# DATA FOR THIS TASK
•••
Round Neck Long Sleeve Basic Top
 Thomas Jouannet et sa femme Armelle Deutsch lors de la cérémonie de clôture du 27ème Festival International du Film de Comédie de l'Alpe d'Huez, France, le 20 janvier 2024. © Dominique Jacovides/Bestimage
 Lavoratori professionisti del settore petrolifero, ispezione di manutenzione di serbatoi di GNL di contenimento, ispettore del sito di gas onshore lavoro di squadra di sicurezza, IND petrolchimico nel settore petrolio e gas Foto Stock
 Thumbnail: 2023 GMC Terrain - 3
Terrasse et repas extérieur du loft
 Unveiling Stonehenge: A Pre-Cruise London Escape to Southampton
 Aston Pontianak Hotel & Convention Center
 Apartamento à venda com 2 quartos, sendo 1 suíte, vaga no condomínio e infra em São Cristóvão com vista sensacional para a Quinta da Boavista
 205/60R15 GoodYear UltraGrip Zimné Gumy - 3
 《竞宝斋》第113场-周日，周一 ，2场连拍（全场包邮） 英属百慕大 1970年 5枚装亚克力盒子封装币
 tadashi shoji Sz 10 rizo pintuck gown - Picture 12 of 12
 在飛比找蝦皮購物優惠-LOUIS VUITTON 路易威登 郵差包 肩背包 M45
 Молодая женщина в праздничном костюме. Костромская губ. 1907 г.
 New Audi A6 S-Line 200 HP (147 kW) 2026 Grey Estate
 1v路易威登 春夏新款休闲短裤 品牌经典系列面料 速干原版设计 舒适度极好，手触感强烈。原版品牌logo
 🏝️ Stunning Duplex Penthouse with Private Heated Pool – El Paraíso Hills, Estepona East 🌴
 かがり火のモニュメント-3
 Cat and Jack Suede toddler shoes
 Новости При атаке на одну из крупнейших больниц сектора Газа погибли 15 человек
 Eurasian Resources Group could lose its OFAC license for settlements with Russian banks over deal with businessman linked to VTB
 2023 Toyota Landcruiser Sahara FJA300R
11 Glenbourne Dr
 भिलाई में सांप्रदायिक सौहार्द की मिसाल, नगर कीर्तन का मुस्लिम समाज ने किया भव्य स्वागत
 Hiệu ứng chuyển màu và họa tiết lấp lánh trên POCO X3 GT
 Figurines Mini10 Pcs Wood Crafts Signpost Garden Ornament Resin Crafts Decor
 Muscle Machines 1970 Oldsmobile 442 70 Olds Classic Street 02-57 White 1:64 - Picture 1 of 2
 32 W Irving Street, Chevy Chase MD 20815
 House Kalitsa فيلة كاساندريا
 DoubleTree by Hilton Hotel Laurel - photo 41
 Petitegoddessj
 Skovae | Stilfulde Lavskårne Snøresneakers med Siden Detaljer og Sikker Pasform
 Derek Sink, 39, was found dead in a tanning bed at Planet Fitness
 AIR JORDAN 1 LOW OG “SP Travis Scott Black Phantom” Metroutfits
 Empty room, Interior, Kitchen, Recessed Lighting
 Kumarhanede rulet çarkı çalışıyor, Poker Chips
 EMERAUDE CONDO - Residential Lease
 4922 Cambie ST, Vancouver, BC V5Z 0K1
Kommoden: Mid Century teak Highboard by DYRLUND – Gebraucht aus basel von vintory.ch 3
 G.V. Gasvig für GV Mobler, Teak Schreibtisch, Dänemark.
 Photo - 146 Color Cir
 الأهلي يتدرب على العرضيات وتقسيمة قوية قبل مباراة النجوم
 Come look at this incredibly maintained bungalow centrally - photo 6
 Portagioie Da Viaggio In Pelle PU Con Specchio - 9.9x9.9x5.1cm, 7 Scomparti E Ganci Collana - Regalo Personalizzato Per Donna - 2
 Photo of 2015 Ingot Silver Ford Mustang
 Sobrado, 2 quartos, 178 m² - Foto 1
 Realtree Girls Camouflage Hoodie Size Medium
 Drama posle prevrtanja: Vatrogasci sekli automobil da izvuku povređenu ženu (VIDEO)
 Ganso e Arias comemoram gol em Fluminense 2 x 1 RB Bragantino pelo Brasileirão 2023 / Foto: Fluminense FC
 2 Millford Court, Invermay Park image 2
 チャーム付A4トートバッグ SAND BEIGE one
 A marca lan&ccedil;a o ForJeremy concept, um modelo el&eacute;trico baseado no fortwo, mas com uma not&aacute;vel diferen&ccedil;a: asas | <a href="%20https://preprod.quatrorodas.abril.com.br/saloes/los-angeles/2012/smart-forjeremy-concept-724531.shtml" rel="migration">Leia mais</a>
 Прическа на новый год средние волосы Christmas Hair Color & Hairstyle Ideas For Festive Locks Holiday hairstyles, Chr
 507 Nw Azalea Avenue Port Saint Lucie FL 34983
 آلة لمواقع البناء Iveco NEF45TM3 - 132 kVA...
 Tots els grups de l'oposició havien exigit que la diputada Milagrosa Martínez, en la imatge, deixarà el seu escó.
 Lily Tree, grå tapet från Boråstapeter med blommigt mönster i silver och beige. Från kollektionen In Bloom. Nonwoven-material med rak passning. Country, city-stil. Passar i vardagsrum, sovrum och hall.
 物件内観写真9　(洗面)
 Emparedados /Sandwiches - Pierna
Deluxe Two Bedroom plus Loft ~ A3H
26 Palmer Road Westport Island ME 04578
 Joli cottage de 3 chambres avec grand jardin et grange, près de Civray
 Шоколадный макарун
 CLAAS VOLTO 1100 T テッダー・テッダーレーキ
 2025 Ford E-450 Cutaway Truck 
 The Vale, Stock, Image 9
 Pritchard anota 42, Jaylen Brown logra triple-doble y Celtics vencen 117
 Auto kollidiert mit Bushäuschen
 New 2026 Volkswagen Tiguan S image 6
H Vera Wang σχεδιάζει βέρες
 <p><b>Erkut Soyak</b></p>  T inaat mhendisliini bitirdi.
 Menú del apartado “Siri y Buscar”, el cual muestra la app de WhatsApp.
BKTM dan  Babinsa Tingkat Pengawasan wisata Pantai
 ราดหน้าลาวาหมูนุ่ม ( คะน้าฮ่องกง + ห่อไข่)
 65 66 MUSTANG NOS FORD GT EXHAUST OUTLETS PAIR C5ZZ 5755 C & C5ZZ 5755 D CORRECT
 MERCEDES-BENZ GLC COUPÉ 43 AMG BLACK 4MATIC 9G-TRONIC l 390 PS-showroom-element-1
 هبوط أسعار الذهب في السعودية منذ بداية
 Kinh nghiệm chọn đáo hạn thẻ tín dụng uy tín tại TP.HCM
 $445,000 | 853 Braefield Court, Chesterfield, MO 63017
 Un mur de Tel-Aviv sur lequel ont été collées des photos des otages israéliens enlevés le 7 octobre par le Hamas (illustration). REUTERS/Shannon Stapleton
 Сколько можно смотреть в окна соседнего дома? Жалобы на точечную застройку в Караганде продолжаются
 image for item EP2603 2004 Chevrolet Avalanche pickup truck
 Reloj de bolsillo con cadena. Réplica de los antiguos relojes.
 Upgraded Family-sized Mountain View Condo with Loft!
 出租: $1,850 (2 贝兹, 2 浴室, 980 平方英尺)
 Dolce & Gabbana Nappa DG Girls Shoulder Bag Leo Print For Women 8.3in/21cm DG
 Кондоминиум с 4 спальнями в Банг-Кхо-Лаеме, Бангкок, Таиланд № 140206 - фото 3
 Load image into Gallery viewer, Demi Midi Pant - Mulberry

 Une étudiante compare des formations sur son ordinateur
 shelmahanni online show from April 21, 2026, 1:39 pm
•••
Output the data once more, exactly as it appears above.

Round Neck Long Sleeve Basic Top
 Thomas Jouannet et sa femme Armelle Deutsch lors de la cérémonie de clôture du 27ème Festival International du Film de Comédie de l'Alpe d'Huez, France, le 20 janvier 2024. © Dominique Jacovides/Bestimage
 Lavoratori professionisti del settore petrolifero, ispezione di manutenzione di serbatoi di GNL di contenimento, ispettore del sito di gas onshore lavoro di squadra di sicurezza, IND petrolchimico nel settore petrolio e gas Foto Stock
 Thumbnail: 2023 GMC Terrain - 3
Terrasse et repas extérieur du loft
 Unveiling Stonehenge: A Pre-Cruise London Escape to Southampton
 Aston Pontianak Hotel & Convention Center
 Apartamento à venda com 2 quartos, sendo 1 suíte, vaga no condomínio e infra em São Cristóvão com vista sensacional para a Quinta da Boavista
 205/60R15 GoodYear UltraGrip Zimné Gumy - 3
 《竞宝斋》第113场-周日，周一 ，2场连拍（全场包邮） 英属百慕大 1970年 5枚装亚克力盒子封装币
 tadashi shoji Sz 10 rizo pintuck gown - Picture 12 of 12
 在飛比找蝦皮購物優惠-LOUIS VUITTON 路易威登 郵差包 肩背包 M45
 Молодая женщина в праздничном костюме. Костромская губ. 1907 г.
 New Audi A6 S-Line 200 HP (147 kW) 2026 Grey Estate
 1v路易威登 春夏新款休闲短裤 品牌经典系列面料 速干原版设计 舒适度极好，手触感强烈。原版品牌logo
 🏝️ Stunning Duplex Penthouse with Private Heated Pool – El Paraíso Hills, Estepona East 🌴
 かがり火のモニュメント-3
 Cat and Jack Suede toddler shoes
 Новости При атаке на одну из крупнейших больниц сектора Газа погибли 15 человек
 Eurasian Resources Group could lose its OFAC license for settlements with Russian banks over deal with businessman linked to VTB
 2023 Toyota Landcruiser Sahara FJA300R
11 Glenbourne Dr
 भिलाई में सांप्रदायिक सौहार्द की मिसाल, नगर कीर्तन का मुस्लिम समाज ने किया भव्य स्वागत
 Hiệu ứng chuyển màu và họa tiết lấp lánh trên POCO X3 GT
 Figurines Mini10 Pcs Wood Crafts Signpost Garden Ornament Resin Crafts Decor
 Muscle Machines 1970 Oldsmobile 442 70 Olds Classic Street 02-57 White 1:64 - Picture 1 of 2
 32 W Irving Street, Chevy Chase MD 20815
 House Kalitsa فيلة كاساندريا
 DoubleTree by Hilton Hotel Laurel - photo 41
 Petitegoddessj
 Skovae | Stilfulde Lavskårne Snøresneakers med Siden Detaljer og Sikker Pasform
 Derek Sink, 39, was found dead in a tanning bed at Planet Fitness
 AIR JORDAN 1 LOW OG “SP Travis Scott Black Phantom” Metroutfits
 Empty room, Interior, Kitchen, Recessed Lighting
 Kumarhanede rulet çarkı çalışıyor, Poker Chips
 EMERAUDE CONDO - Residential Lease
 4922 Cambie ST, Vancouver, BC V5Z 0K1
Kommoden: Mid Century teak Highboard by DYRLUND – Gebraucht aus basel von vintory.ch 3
 G.V. Gasvig für GV Mobler, Teak Schreibtisch, Dänemark.
 Photo - 146 Color Cir
 الأهلي يتدرب على العرضيات وتقسيمة قوية قبل مباراة النجوم
 Come look at this incredibly maintained bungalow centrally - photo 6
 Portagioie Da Viaggio In Pelle PU Con Specchio - 9.9x9.9x5.1cm, 7 Scomparti E Ganci Collana - Regalo Personalizzato Per Donna - 2
 Photo of 2015 Ingot Silver Ford Mustang
 Sobrado, 2 quartos, 178 m² - Foto 1
 Realtree Girls Camouflage Hoodie Size Medium
 Drama posle prevrtanja: Vatrogasci sekli automobil da izvuku povređenu ženu (VIDEO)
 Ganso e Arias comemoram gol em Fluminense 2 x 1 RB Bragantino pelo Brasileirão 2023 / Foto: Fluminense FC
 2 Millford Court, Invermay Park image 2
 チャーム付A4トートバッグ SAND BEIGE one
 A marca lan&ccedil;a o ForJeremy concept, um modelo el&eacute;trico baseado no fortwo, mas com uma not&aacute;vel diferen&ccedil;a: asas | <a href="%20https://preprod.quatrorodas.abril.com.br/saloes/los-angeles/2012/smart-forjeremy-concept-724531.shtml" rel="migration">Leia mais</a>
 Прическа на новый год средние волосы Christmas Hair Color & Hairstyle Ideas For Festive Locks Holiday hairstyles, Chr
 507 Nw Azalea Avenue Port Saint Lucie FL 34983
 آلة لمواقع البناء Iveco NEF45TM3 - 132 kVA...
 Tots els grups de l'oposició havien exigit que la diputada Milagrosa Martínez, en la imatge, deixarà el seu escó.
 Lily Tree, grå tapet från Boråstapeter med blommigt mönster i silver och beige. Från kollektionen In Bloom. Nonwoven-material med rak passning. Country, city-stil. Passar i vardagsrum, sovrum och hall.
 物件内観写真9　(洗面)
 Emparedados /Sandwiches - Pierna
Deluxe Two Bedroom plus Loft ~ A3H
26 Palmer Road Westport Island ME 04578
 Joli cottage de 3 chambres avec grand jardin et grange, près de Civray
 Шоколадный макарун
 CLAAS VOLTO 1100 T テッダー・テッダーレーキ
 2025 Ford E-450 Cutaway Truck 
 The Vale, Stock, Image 9
 Pritchard anota 42, Jaylen Brown logra triple-doble y Celtics vencen 117
 Auto kollidiert mit Bushäuschen
 New 2026 Volkswagen Tiguan S image 6
H Vera Wang σχεδιάζει βέρες
 <p><b>Erkut Soyak</b></p>  T inaat mhendisliini bitirdi.
 Menú del apartado “Siri y Buscar”, el cual muestra la app de WhatsApp.
BKTM dan  Babinsa Tingkat Pengawasan wisata Pantai
 ราดหน้าลาวาหมูนุ่ม ( คะน้าฮ่องกง + ห่อไข่)
 65 66 MUSTANG NOS FORD GT EXHAUST OUTLETS PAIR C5ZZ 5755 C & C5ZZ 5755 D CORRECT
 MERCEDES-BENZ GLC COUPÉ 43 AMG BLACK 4MATIC 9G-TRONIC l 390 PS-showroom-element-1
 هبوط أسعار الذهب في السعودية منذ بداية
 Kinh nghiệm chọn đáo hạn thẻ tín dụng uy tín tại TP.HCM
 $445,000 | 853 Braefield Court, Chesterfield, MO 63017
 Un mur de Tel-Aviv sur lequel ont été collées des photos des otages israéliens enlevés le 7 octobre par le Hamas (illustration). REUTERS/Shannon Stapleton
 Сколько можно смотреть в окна соседнего дома? Жалобы на точечную застройку в Караганде продолжаются
 image for item EP2603 2004 Chevrolet Avalanche pickup truck
 Reloj de bolsillo con cadena. Réplica de los antiguos relojes.
 Upgraded Family-sized Mountain View Condo with Loft!
 出租: $1,850 (2 贝兹, 2 浴室, 980 平方英尺)
 Dolce & Gabbana Nappa DG Girls Shoulder Bag Leo Print For Women 8.3in/21cm DG
 Кондоминиум с 4 спальнями в Банг-Кхо-Лаеме, Бангкок, Таиланд № 140206 - фото 3
 Load image into Gallery viewer, Demi Midi Pant - Mulberry

 Une étudiante compare des formations sur son ordinateur
 shelmahanni online show from April 21, 2026, 1:39 pm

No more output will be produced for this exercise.